Preheat oven to 200°C. Line an oven tray with baking paper. Pour sugar on to tray and bake for 7 minutes. (see video tip) Pour hot sugar into a bowl. Reduce oven temperature to 100°C. (Leave door ajar for a little while to help it cool faster).
Line 2 oven trays with baking paper.
Place egg whites into a very clean and dry Thermomix bowl and whip 4 min/37°C/Butterfly/speed 3/MC off. Alternatively use a stand mixer and whip whites until fluffy and holding soft peaks.
Wipe off moisture from lid and top portion of the bowl with paper towel as necessary.
Slowly add the heated sugar through the hole in lid 6 min/Butterfly/speed 3/MC off. (Or add to stand mixer slowly also...though it can take more sugar at once than the Thermomix method.) When the meringue is glossy and firm, fold through the coffee powder with a spatula.
Pipe meringues onto a tray lined with baking paper.
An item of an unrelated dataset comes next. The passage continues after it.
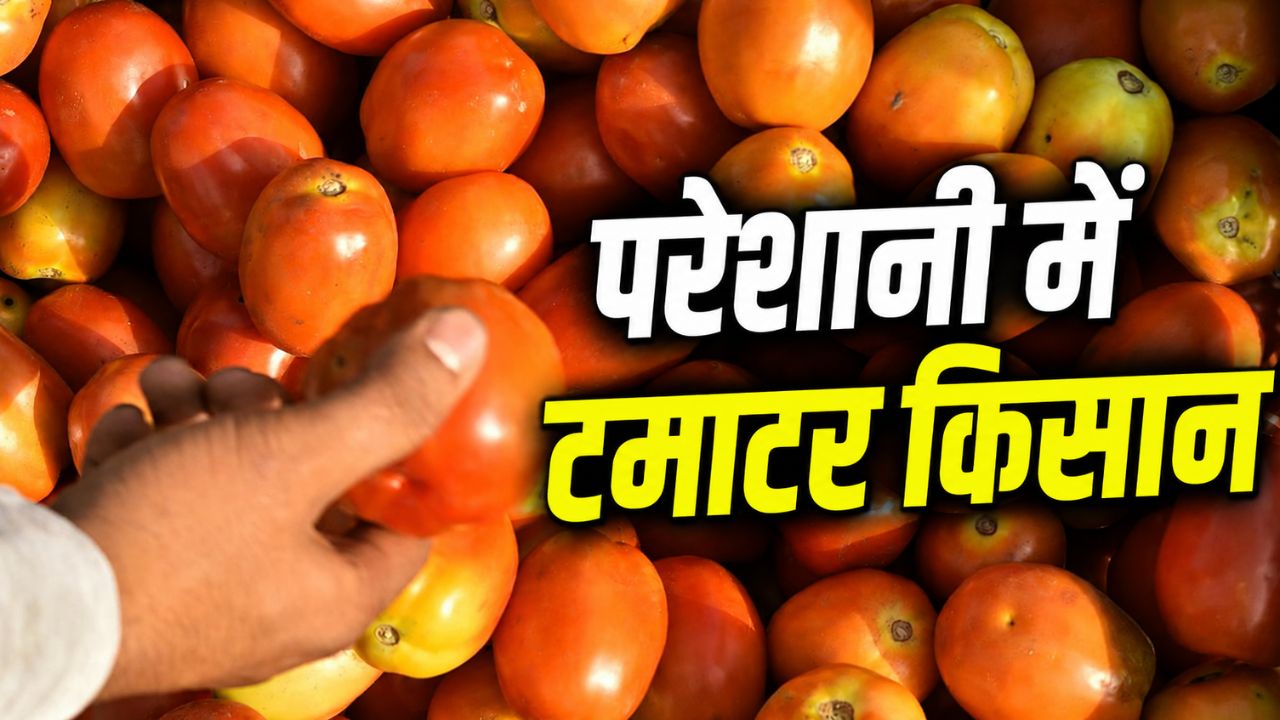 Tomato Rate: टमाटर के भाव में गिरावट, 10 रुपये किलो रेट.. लागत भी नहीं निकाल पा रहे किसान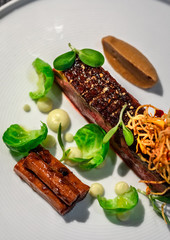 Haute cuisine - a beef steak with greens topping and sauce on a white dish and dark background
Check oven temperature is accurate before baking 1 hour. Turn oven off and leave meringues in the oven to dry out.
Dip either the bottoms or the tips into melted chocolate and return to the cold tray to set.
Dust with a little extra coffee powder if you wish. We actually used a bronzing powder, but it wasn't that noticeable in the end. Edible gold leaf would be fun.
Keep in an airtight container either in the pantry or fridge.
They are wonderful with ice cream, and strawberries...purely an accidental pairing, but amazing.